• [SUPPLIED INFORMATION]:
■ ■ ■
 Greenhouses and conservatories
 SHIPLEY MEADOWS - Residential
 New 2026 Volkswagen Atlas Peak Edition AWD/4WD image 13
■ ■ ■
• [TO DO]: Give back the entire listing above, matching every line exactly.

• [ANSWER TO THIS TASK]:
 Greenhouses and conservatories
 SHIPLEY MEADOWS - Residential
 New 2026 Volkswagen Atlas Peak Edition AWD/4WD image 13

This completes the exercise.